Source: TheCompassionChronicles.Com


About Author

"Rick Thompson was the Editor in Chief for the entire 2-year run of the Michigan Medical Marijuana Magazine, was the spokesman for the Michigan Association of Compassion Centers and is the current Editor and Lead Blogger for The Compassion Chronicles. Rick has addressed committees in both the House and Senate, has authored over 200 articles on marijuana and is a professional photographer." Rick Thompson Is An Author At The Compassion Chronicles and focuses on all things Michigan.


  1. Brian Richards on

    A law that allows people to stare into the windows of anybody is just plain creepy. This attempts to make sex perverts, who are preying upon and peeping at our children, into police informants.

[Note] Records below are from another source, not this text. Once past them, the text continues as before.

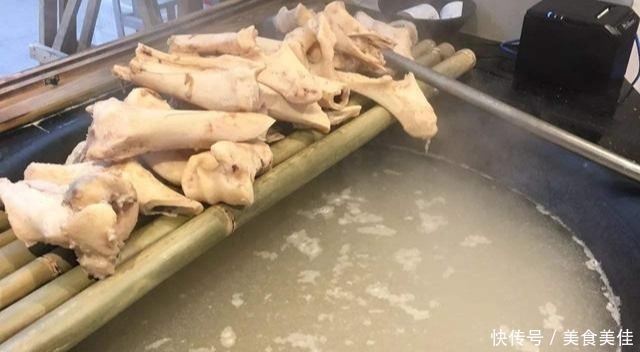 浓郁|20年老面馆的高汤秘方,原来是这么熬制的,汤色奶白且鲜美浓郁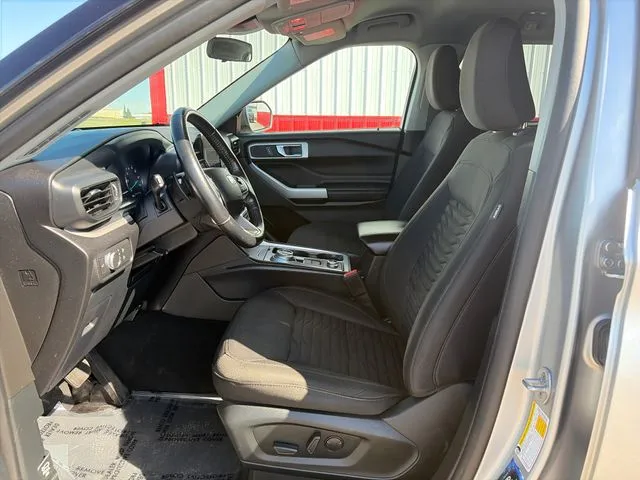 Ford Explorer photo 23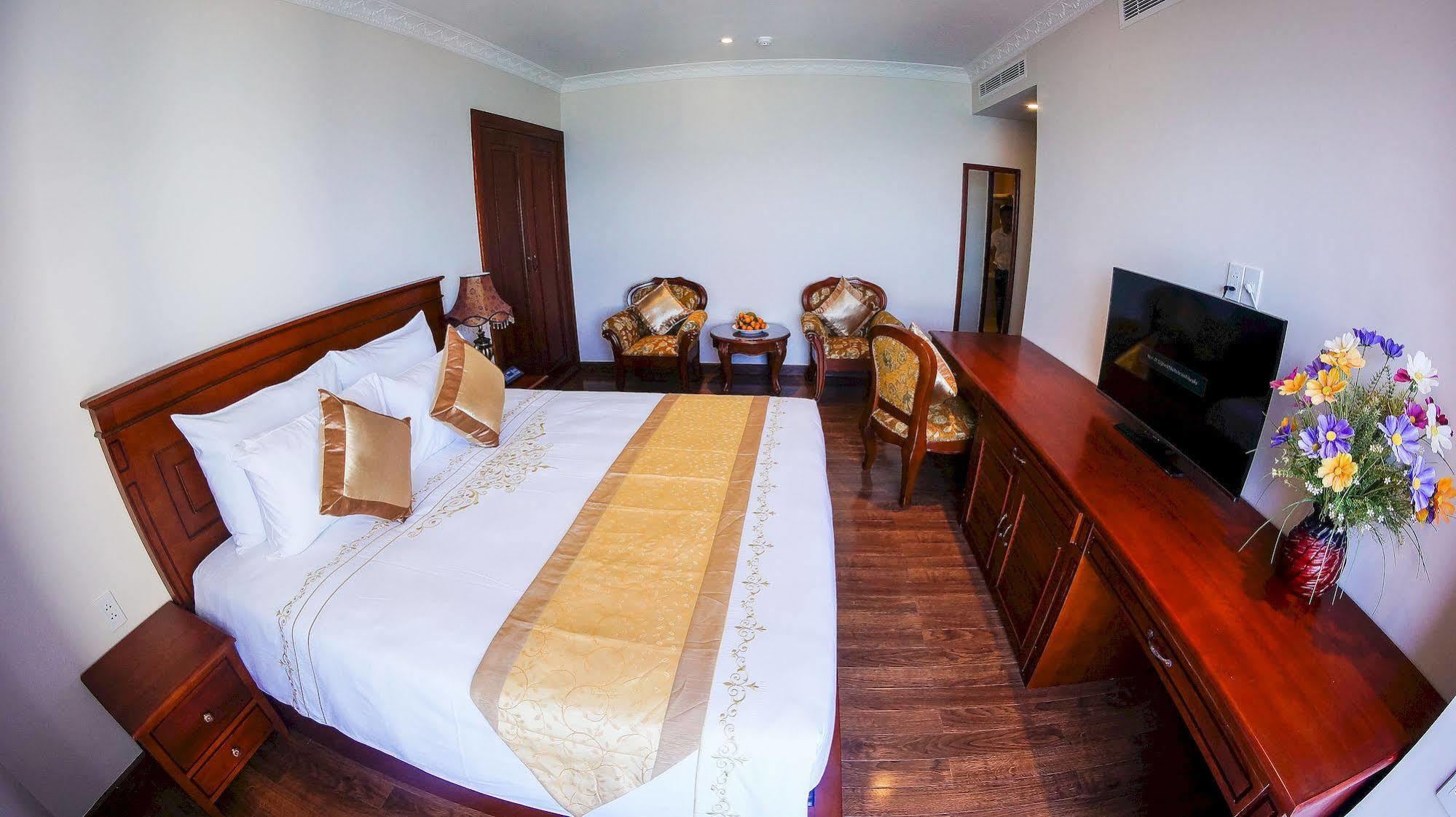 Palace 4* Nha Trang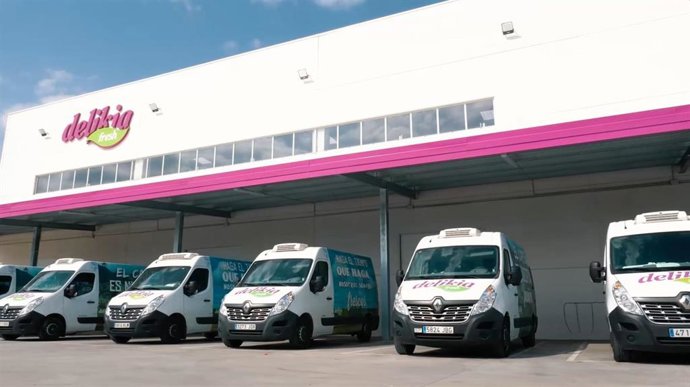 Furgonetas de Delikia.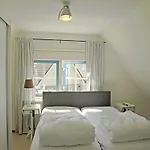 In Near Sandy Beaches Vakantiehuis Schoorl
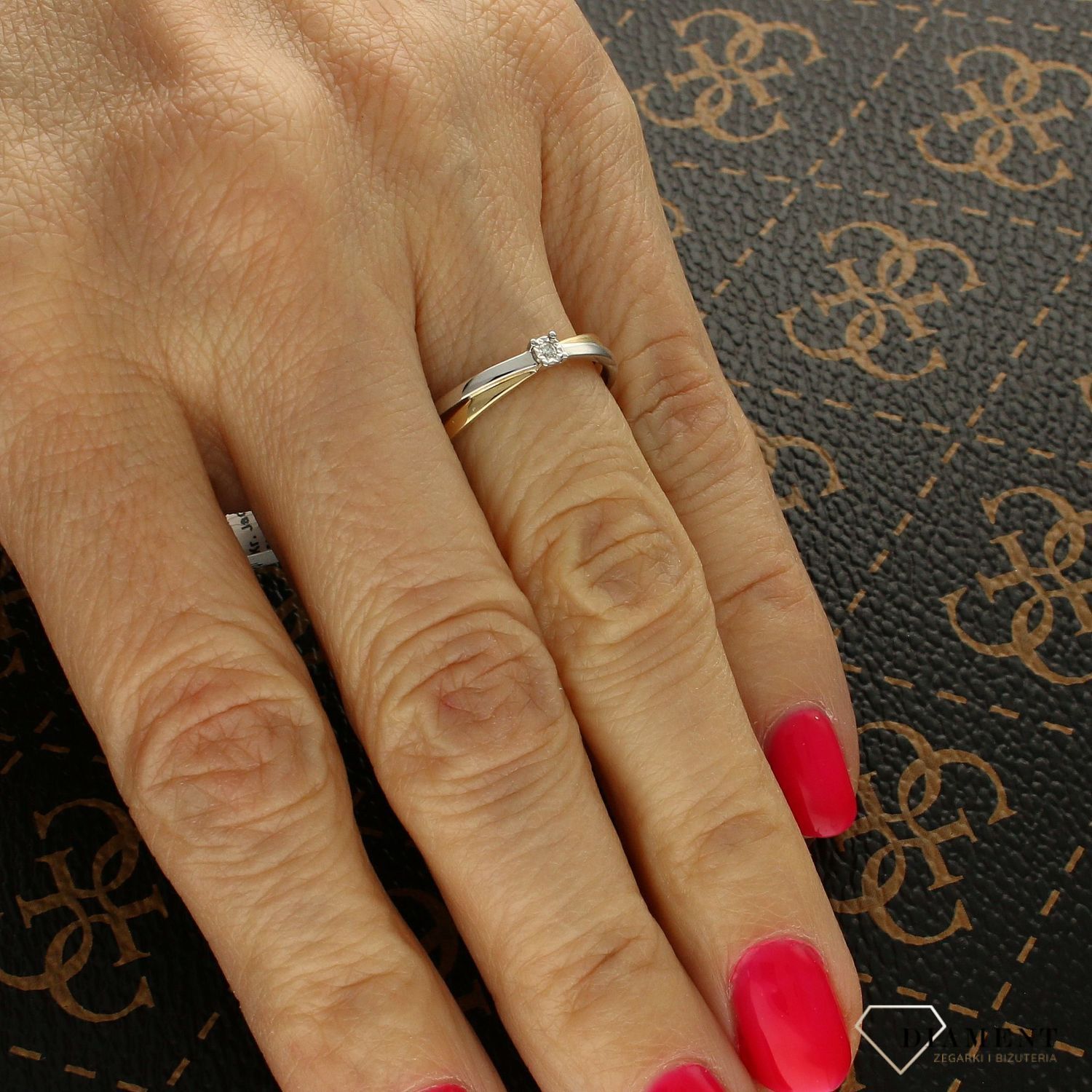 Złoty pierścionek z diamentem – żółte i białe złoto, przekładany, pr 585, 0,015ct.jpg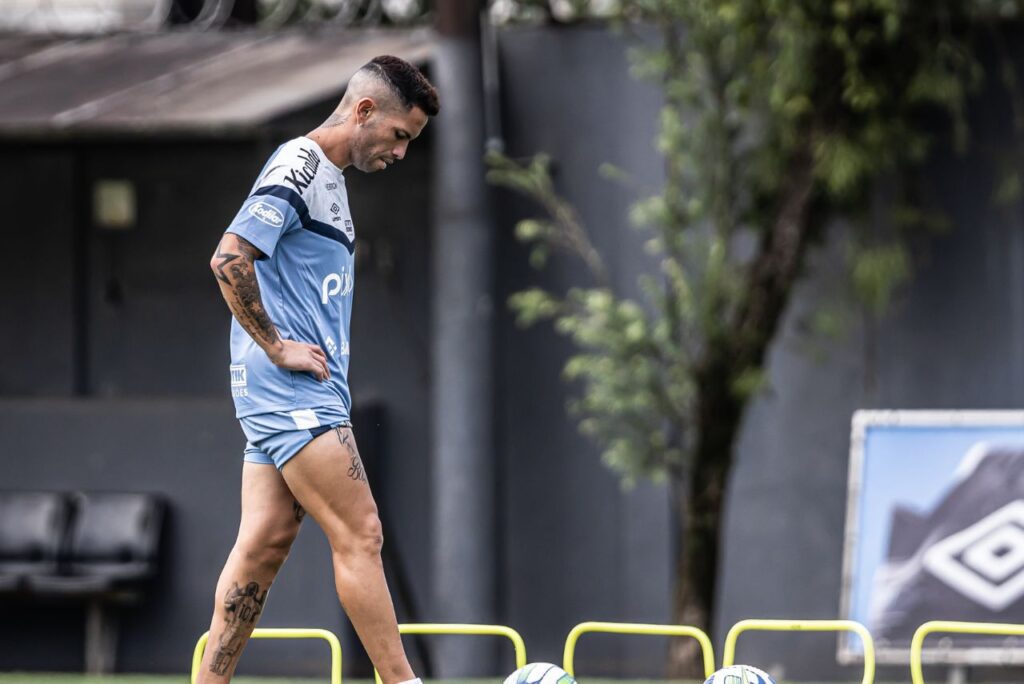 Carabajal em treino do Santos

    This law provides peeping tom perverts a defense for their crime, allowing them to falsely claim the child’s parents were smoking marijuana and and allowing them to get away with the most evil of behavior.

    Please note if your state Senator voted for this ugly law and write your local paper how your Senator just made life a lot easier for perverts.

  2. This may be a dumb question, but why is it that Florida had a petition and got so many signatures on it, enough to get medical marijuana on the ballot… Why can’t we (Michigan), or any other state do the same, but for recreational? Have people sign a petition to get it on the ballot?

  3. dennis shelton on

    If thy are inside their house and smoking , how would anyone know what they are smoking w/ out having the police just storm the house kick in the door and haul the offender and their doobie to jail? And furthermore, why is it that when the VOTERS pass a BALLOT INITIATIVE for a PARTICULAR thing their state legislature will then turn right around and vote to change the whole thing to suit THEIR POLITICAL ENDS. DON”T YOU PEOPLE HAVE ANY GUTS IN THIS COUNTRY ANYMORE? Is it just TOO cold to go down to the state CAPITAL and PROTEST! If you did it then maybe those politicians would have thought twice about changing things w/ out your permission. It’s just ANOTHER EXAMPLE OF RELIGIOUS POLITICIANS DOING THINGS LATE AT NIGHT BEHIND YOUR BACKS!!!!!! YOU SHOULD BE OUTRAGED!!!!!……….What’s up? Don’t you have enough GRANDSTANDING REPORTERS TO COUNTER YOUR GRANDSTANDING POLITICIANS!!

  4. We the people voted in our law and requires more than a f*cking senate bill to change it you suit wearing motherfu$kers

  5. I think that violates the MMP voted in by the people of MI and needs a special vote to change it. Politicians are reckless

  6. Derek James von Oetinger on

    Wouldn’t that violate the federal law that protects people with medical disabilities. It is unconstitutional in several areas.

  7. Had a neighbor a couple years back, constantly smoking throughout the day sitting out in his yard, not a big deal to me, but I heard complaints from other neighbors about the smell. So many have no respect for others an this is what we get

  8. “Michigan Supreme Court rules local laws can’t ban medical marijuana”

    Why would you turn right around after a ruling like this by the Supreme Court and try to ban marijuana from being used by a medical patient for any reason?

  9. Total rubbish. Generalizations. This is freedom? Can my neighbor who may not like me just lie and say i was seen smoking cannabis? How would they know it’s not tobacco in a pipe? This is hilarious.
    Don’t fear these clowns. They are old and scared.
    Let’s make feeble and cancer ridden individuals have another worry. They should have to get out of bed and check all the blinds or curtains are closed beforere relieving any pain. Mr. Jones maybe will come do that for the ill because he is so sympathetic.
    I think the good Lord is appalled by such evil to sick people, and those who worry more about property than humans.